==== RECORDS SHOWN

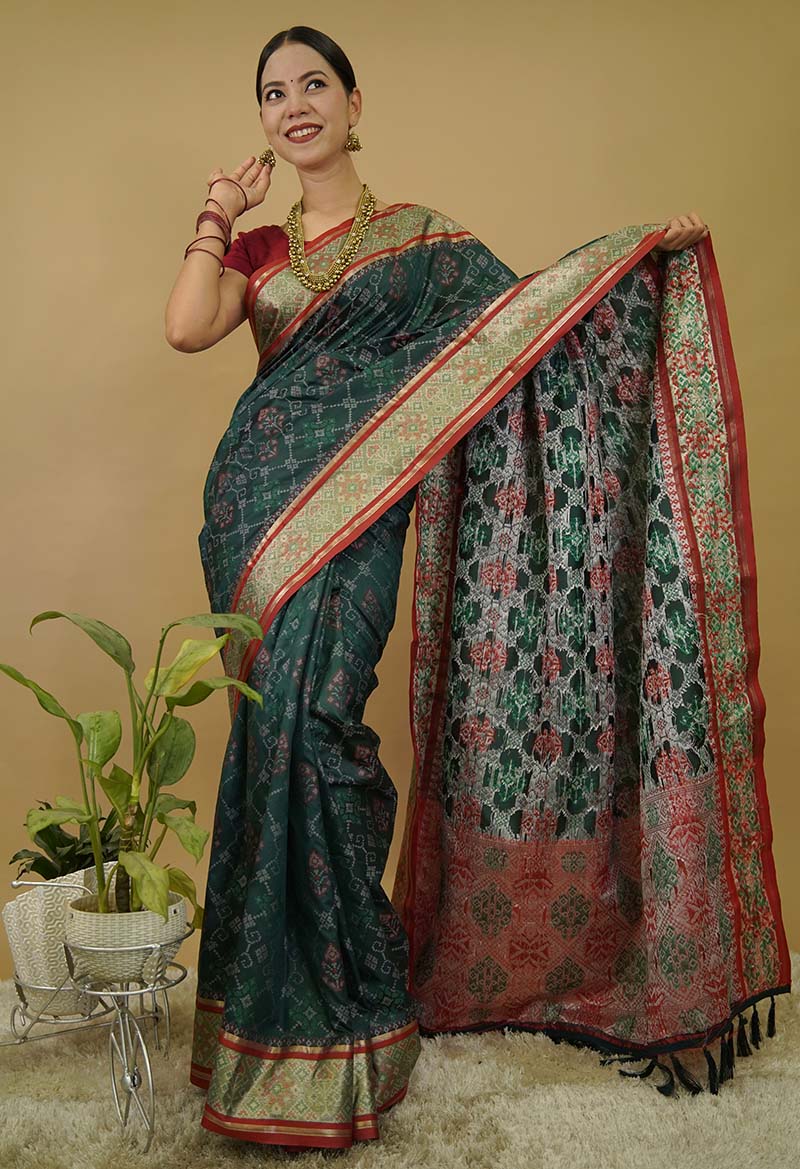 Green Kanjivaram Patola Silk Saree With Red &  Golden Zari Bordar Wrap in 1 minute Saree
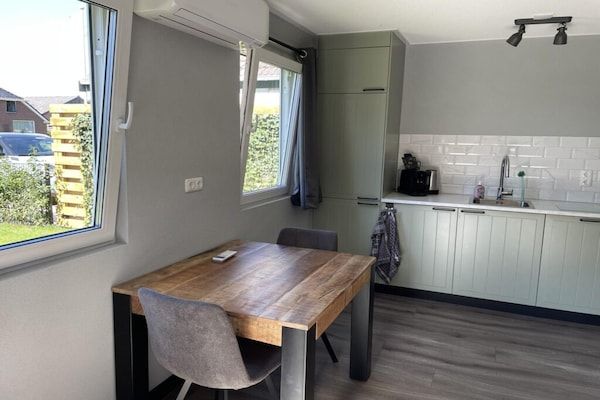 Eetkamer - Prachtige accommodatie in De Kiel in De Kiel (3)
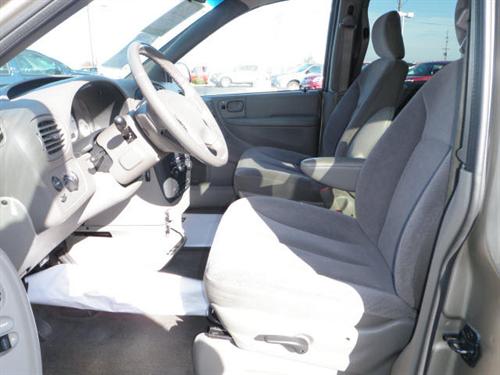 Dodge Grand Caravan 2002 photo 2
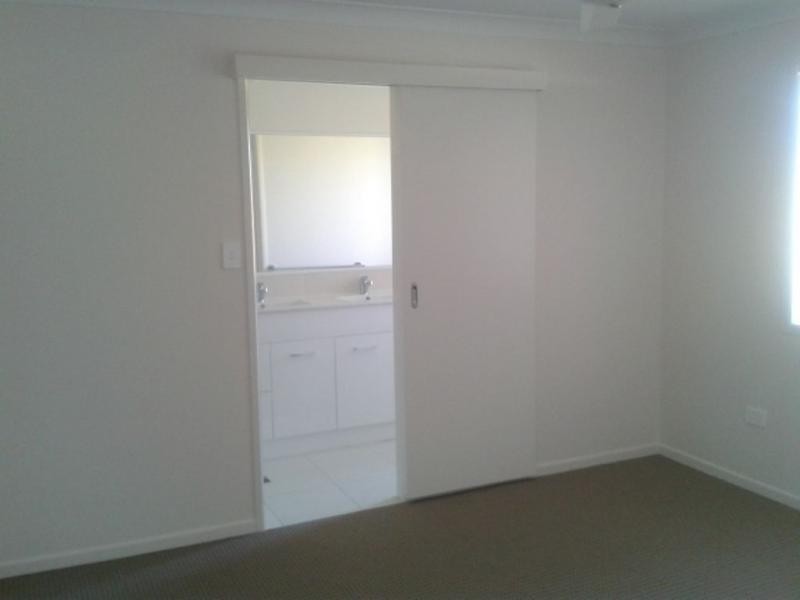 15 Bronco Crescent, Gracemere QLD 4702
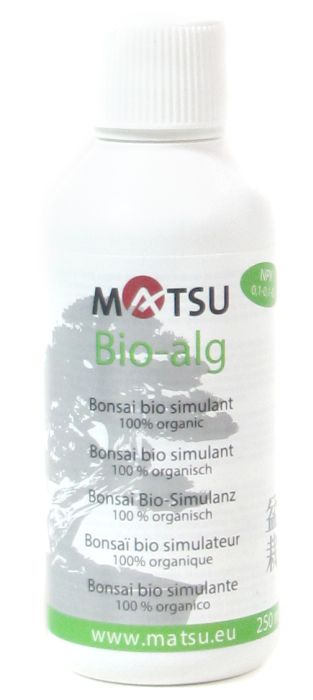 Bio-alg ist ein Bio-Stimulanz, das in Kombination mit anderen Bonsai-Düngern verwendet werden kann. Er gibt dem Laub mehr Farbe und erhöht die Widerstandskraft gegen Krankheiten. 
Hergestellt aus 100% Seetang (kalt gepresst): Spurenelemente, Mineralien, E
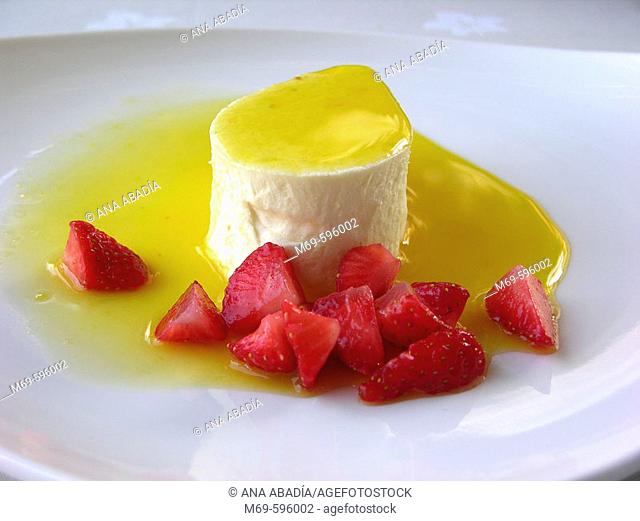 Mousse of tangerines with strawberries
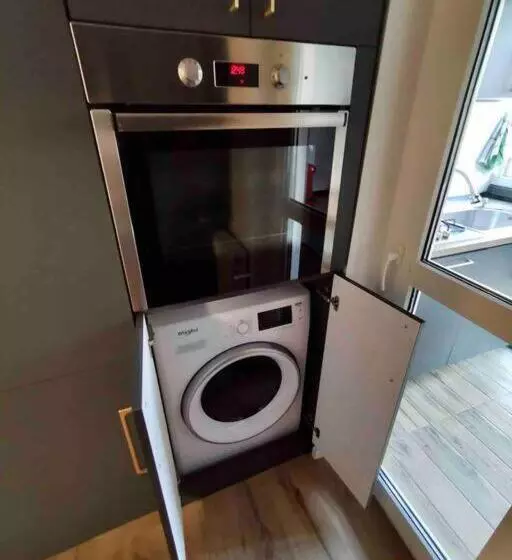 Lovely 3 Bedroom Apartment In The City Center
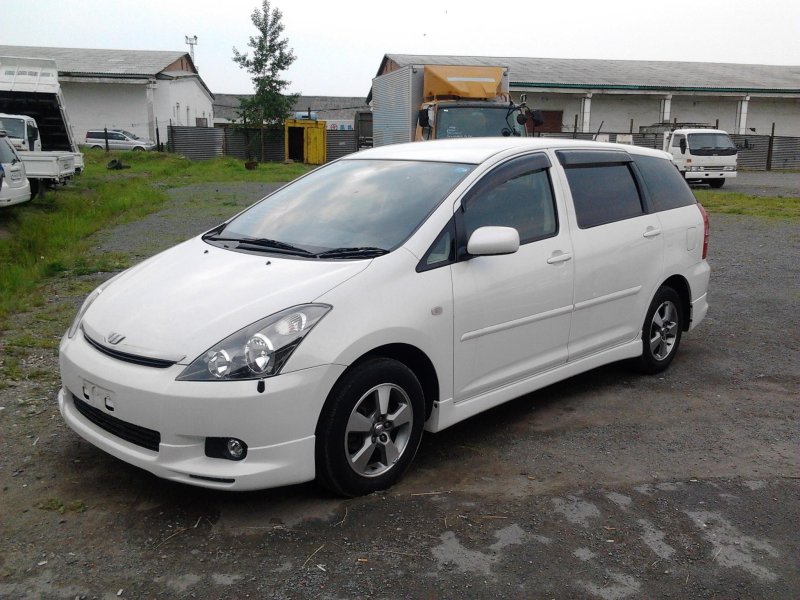 Toyota Wish 2003г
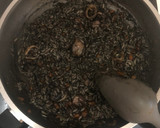 Foto del paso 4 de la receta: Arroz negro con calamares y gambas 🦑🦐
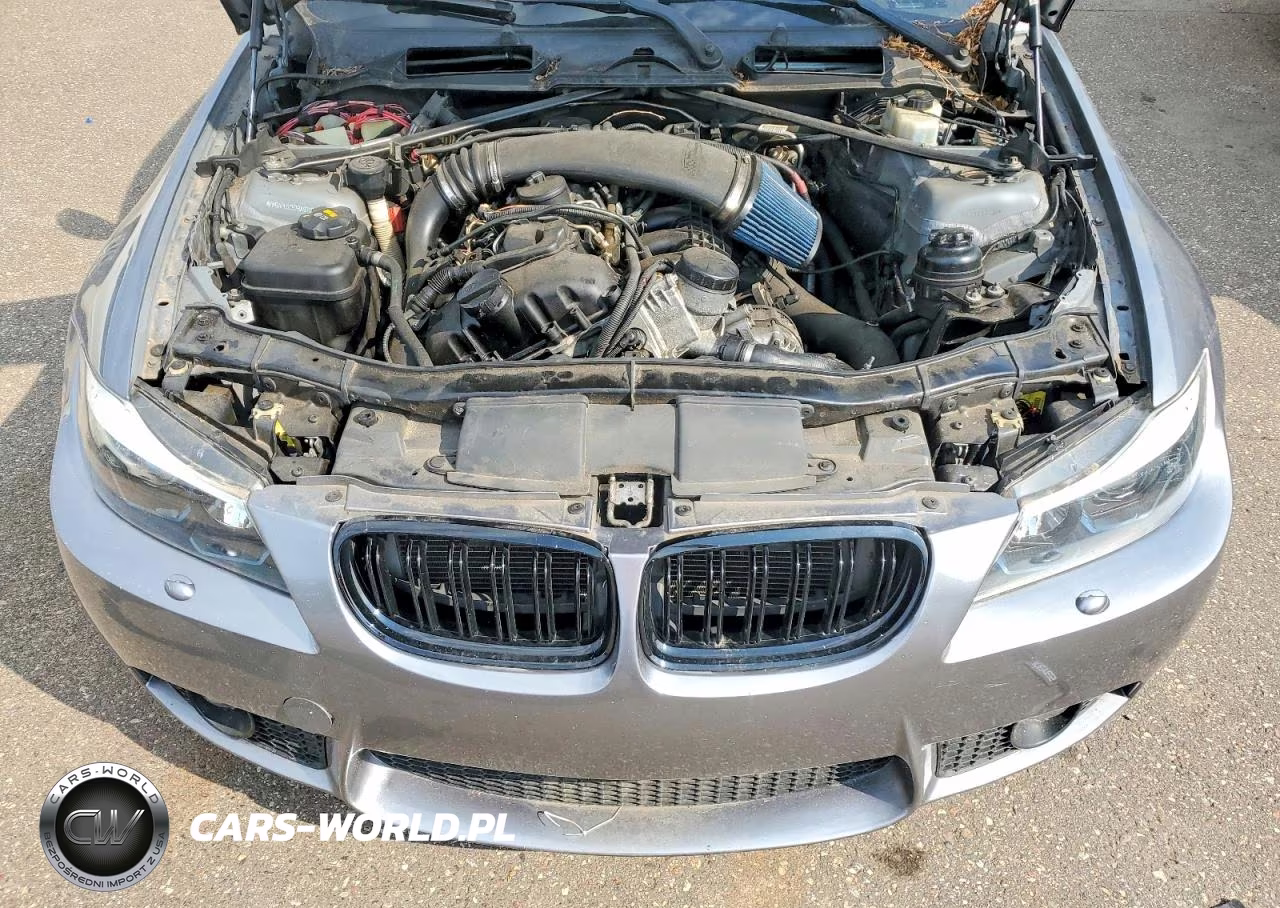 2011 BMW 335 Xi VIN:WBAPL5C57BA920728 - 11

========

**YOUR INSTRUCTIONS**
All of the entries above should be duplicated exactly, except for the pictures.

**REPLY TO THE TASK**
 Green Kanjivaram Patola Silk Saree With Red &  Golden Zari Bordar Wrap in 1 minute Saree
 Eetkamer - Prachtige accommodatie in De Kiel in De Kiel (3)
 Dodge Grand Caravan 2002 photo 2
 15 Bronco Crescent, Gracemere QLD 4702
 Bio-alg ist ein Bio-Stimulanz, das in Kombination mit anderen Bonsai-Düngern verwendet werden kann. Er gibt dem Laub mehr Farbe und erhöht die Widerstandskraft gegen Krankheiten. 
Hergestellt aus 100% Seetang (kalt gepresst): Spurenelemente, Mineralien, E
 Mousse of tangerines with strawberries
 Lovely 3 Bedroom Apartment In The City Center
 Toyota Wish 2003г
 Foto del paso 4 de la receta: Arroz negro con calamares y gambas 🦑🦐
 2011 BMW 335 Xi VIN:WBAPL5C57BA920728 - 11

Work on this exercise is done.